----- INFORMATION -----

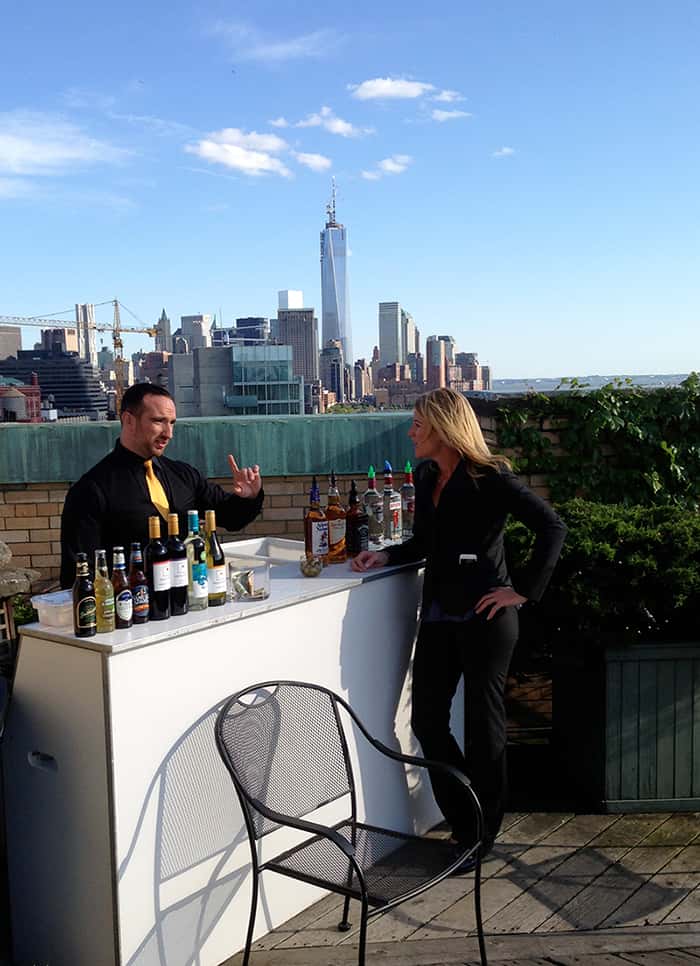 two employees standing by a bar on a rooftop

-----
----- INFORMATION -----

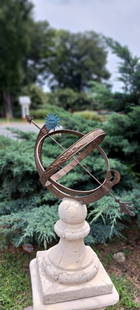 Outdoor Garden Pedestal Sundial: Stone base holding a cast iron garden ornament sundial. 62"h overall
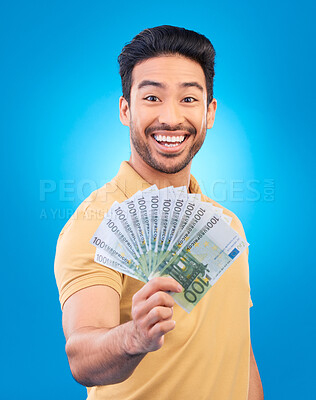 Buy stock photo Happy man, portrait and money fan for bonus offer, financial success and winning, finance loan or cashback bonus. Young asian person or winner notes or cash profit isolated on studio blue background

-----
----- INFORMATION -----

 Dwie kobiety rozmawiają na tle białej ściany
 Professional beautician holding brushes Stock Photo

-----

### WHAT IS BEING ASKED
Among the records above, a stretch begins at the line containing "Dwie kobiety rozmawiają na tle białej ściany" and ends at the line containing "Professional beautician holding". Restate that stretch word for word, and nothing else.

### ANSWER SECTION
 Dwie kobiety rozmawiają na tle białej ściany
 Professional beautician holding brushes Stock Photo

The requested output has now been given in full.